On Tue, Dec 28, 2010 at 7:56 AM, Ozz Nixon <ozznixon@gmail.com> wrote:

Is it possible (and how) to implement a data path on another partition (linux) for an existing system? And then if I do not gain anything, merging it to the production /data path?

Scenario of what I want to achieve (/mnt/data is already running)

       /mnt/data       resides on an NFS share
                               Contains over 2 Billion web sites crawled (yeah another search-engine site)

want to add:

       /opt/data               resides on internal drive
                               Will contain keyword hash system

Then if I find this does not improve anything - or runs tight (running on IBM Blade center with 76gb internals - so I may be limited), that I can simple shutdown postgres, scp /opt/data/folder/ to the NFS - bring up postgres - fix any conf file, and everything is on the multi-terabyte array?

You can't just merge two pgsql databases into one directory.
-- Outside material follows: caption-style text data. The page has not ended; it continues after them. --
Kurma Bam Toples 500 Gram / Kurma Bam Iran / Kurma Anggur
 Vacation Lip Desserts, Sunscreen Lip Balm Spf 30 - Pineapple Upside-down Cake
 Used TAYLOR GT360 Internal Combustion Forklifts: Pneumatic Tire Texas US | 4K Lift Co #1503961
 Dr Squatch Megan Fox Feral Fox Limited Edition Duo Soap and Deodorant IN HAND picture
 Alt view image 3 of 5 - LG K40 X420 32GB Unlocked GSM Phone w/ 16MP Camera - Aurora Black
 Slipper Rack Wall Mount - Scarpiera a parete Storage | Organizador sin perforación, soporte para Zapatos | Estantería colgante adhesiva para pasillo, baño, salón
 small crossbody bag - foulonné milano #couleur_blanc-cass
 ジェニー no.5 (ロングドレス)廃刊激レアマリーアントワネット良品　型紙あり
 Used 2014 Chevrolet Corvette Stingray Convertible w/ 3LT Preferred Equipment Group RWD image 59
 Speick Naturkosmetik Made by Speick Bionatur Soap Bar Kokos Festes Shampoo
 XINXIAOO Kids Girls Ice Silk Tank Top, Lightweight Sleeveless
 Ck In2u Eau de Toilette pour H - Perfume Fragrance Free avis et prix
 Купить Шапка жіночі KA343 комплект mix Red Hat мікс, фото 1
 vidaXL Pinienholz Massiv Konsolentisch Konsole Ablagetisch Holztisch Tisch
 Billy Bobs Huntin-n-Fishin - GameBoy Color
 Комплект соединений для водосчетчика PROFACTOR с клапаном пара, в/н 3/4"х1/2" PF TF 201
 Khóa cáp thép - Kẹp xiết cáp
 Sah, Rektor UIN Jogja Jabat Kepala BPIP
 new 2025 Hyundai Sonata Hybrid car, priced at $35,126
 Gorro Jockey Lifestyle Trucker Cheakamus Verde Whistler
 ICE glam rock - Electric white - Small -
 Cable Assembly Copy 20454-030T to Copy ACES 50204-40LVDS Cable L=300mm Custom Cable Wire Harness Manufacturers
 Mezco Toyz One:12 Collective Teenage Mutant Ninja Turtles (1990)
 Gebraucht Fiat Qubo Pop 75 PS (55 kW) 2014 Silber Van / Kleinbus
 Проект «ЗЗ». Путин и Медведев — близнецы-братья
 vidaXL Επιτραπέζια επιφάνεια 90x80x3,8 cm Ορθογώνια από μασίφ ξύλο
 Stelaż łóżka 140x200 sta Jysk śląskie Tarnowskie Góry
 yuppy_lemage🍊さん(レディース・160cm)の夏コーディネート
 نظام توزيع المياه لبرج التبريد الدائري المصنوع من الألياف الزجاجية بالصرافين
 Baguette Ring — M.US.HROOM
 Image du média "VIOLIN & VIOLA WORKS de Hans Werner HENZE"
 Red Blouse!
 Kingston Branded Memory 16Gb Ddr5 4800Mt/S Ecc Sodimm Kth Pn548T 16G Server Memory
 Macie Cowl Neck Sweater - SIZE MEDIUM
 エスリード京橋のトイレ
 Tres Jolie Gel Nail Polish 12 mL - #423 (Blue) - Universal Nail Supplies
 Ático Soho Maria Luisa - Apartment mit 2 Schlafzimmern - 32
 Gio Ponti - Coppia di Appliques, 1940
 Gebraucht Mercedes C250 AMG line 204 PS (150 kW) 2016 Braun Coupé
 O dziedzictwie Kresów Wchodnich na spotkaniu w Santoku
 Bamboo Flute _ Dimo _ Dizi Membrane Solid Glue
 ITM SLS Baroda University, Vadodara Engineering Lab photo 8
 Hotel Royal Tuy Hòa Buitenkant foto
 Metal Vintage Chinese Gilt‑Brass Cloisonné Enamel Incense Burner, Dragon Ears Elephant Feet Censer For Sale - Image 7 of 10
You have
to pick one to run and dump the other and load it into the other db
with pg_dump / psql / pg_restore. If you completely replace the db
instance in /opt/data/folder with the other one that will work, but
erase the original db that was there.

Checking the pulse of all you speed freaks that just hit the floor because this is on NFS not iSCSI -- don't worry, when this site goes live it will be iSCSI. We have been in private development for 3 years... and the NFS still out runs the Internet connections.

It's more an issue of reliability in case of crashes and power losses
than anything else. most iSCSI implementations will honor fsync
properly, but many nfs mounts will lose data / corrupt your data store
if one or the other machine crashes in the wrong way.

#8Jasen Betts
jasen@xnet.co.nz
In reply to: Viktor Bojović (#1)
Re: DATA Location

On 2010-12-28, Ozz Nixon <ozznixon@gmail.com> wrote:

Is it possible (and how) to implement a data path on another partition (linux) for an existing system? And then if I do not gain anything, merging it to the production /data path?

tablespaces

Scenario of what I want to achieve (/mnt/data is already running)

/mnt/data resides on an NFS share
Contains over 2 Billion web sites crawled (yeah another search-engine site)

using postgres on nfs is not recommended,

want to add:

/opt/data resides on internal drive
Will contain keyword hash system

local is good.

Then if I find this does not improve anything - or runs tight
(running on IBM Blade center with 76gb internals - so I may be
limited), that I can simple shutdown postgres, scp /opt/data/folder/
to the NFS - bring up postgres - fix any conf file, and everything is
on the multi-terabyte array?

or leave postgres running and just copy the table using "select * into"
or similar.

it's possibly better to use iSCSI instead of NFS, it's not like you can share the data
directory.

--
⚂⚃ 100% natural